▶ [ABOUT THIS EXERCISE]
Repeat the entries without change, omitting the pictures.

[Image-caption web data]
BEGIN

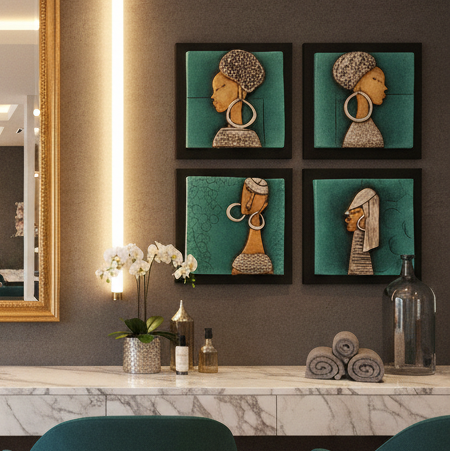 Human Sculptures Abstract Interior Designer Choice Handcrafted Set Of 4 Tamrapatra - Tamrapatra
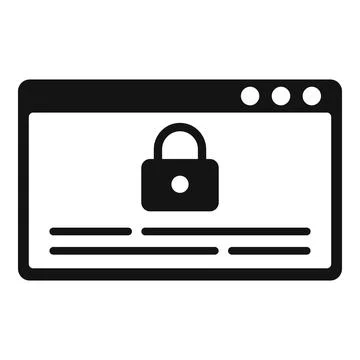 Web lock authentication icon, simple style Stock Illustration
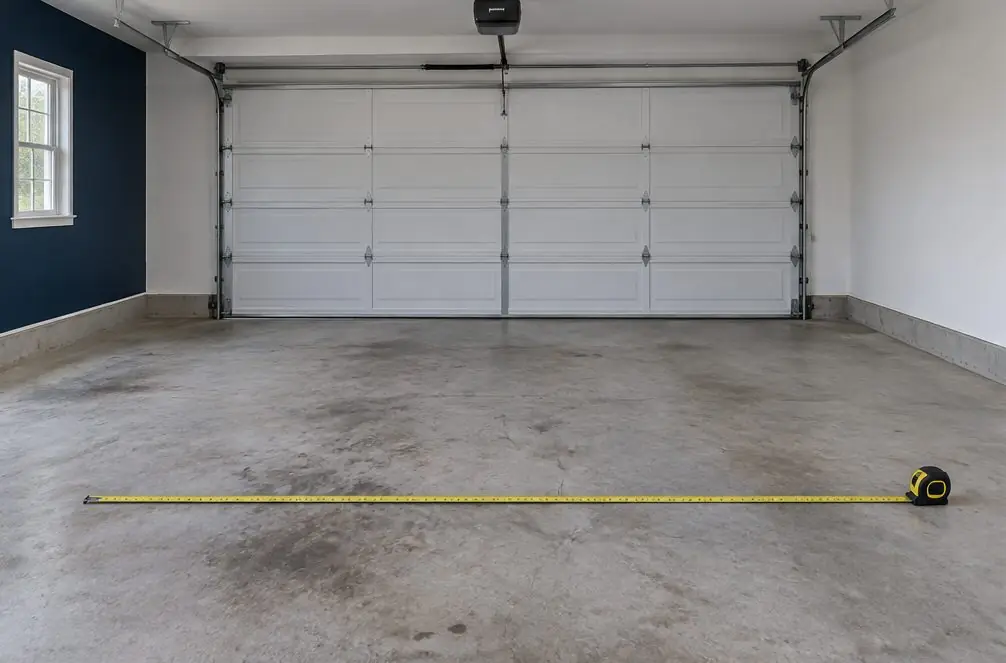 Illustration: a two-car garage with a bare, stained concrete floor and a tape measure laid across it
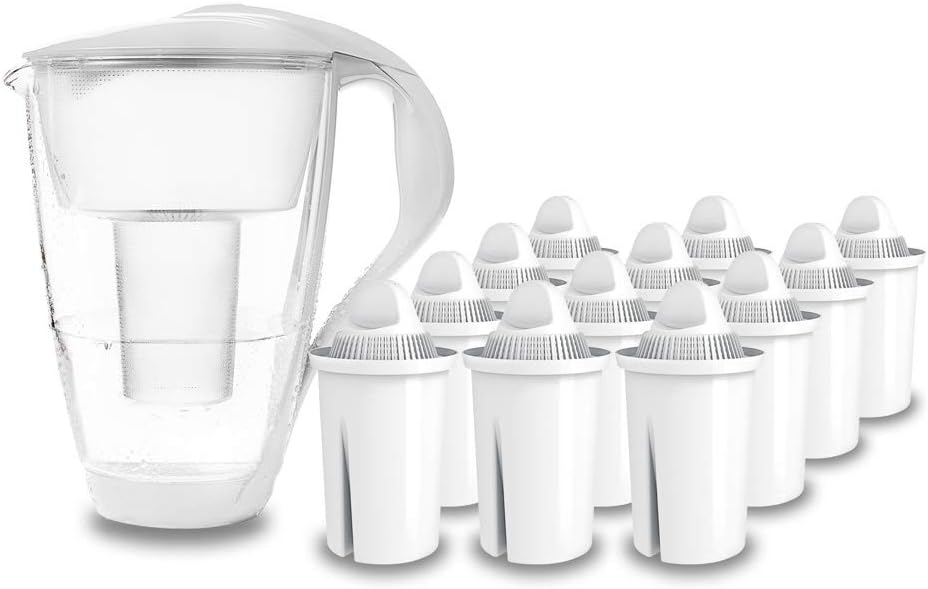 PearlCo - Glas-Wasserfilter (weiß) mit 12 classic Filterkartuschen - passt zu Brita Classic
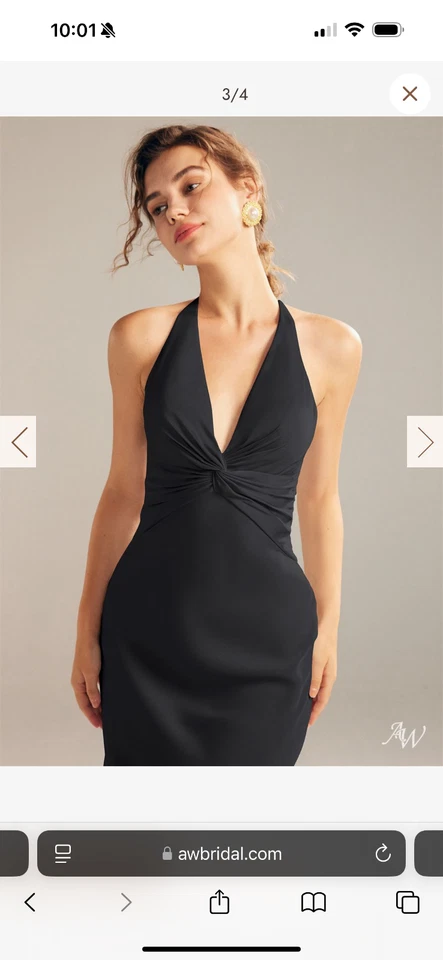 Nuevo vestido de dama de honor AW. Cristal satinado negro talla 6 gran cintura Foto 3 de 4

END

▶ [EXERCISE ANSWER]
 Human Sculptures Abstract Interior Designer Choice Handcrafted Set Of 4 Tamrapatra - Tamrapatra
 Web lock authentication icon, simple style Stock Illustration
 Illustration: a two-car garage with a bare, stained concrete floor and a tape measure laid across it
 PearlCo - Glas-Wasserfilter (weiß) mit 12 classic Filterkartuschen - passt zu Brita Classic
 Nuevo vestido de dama de honor AW. Cristal satinado negro talla 6 gran cintura Foto 3 de 4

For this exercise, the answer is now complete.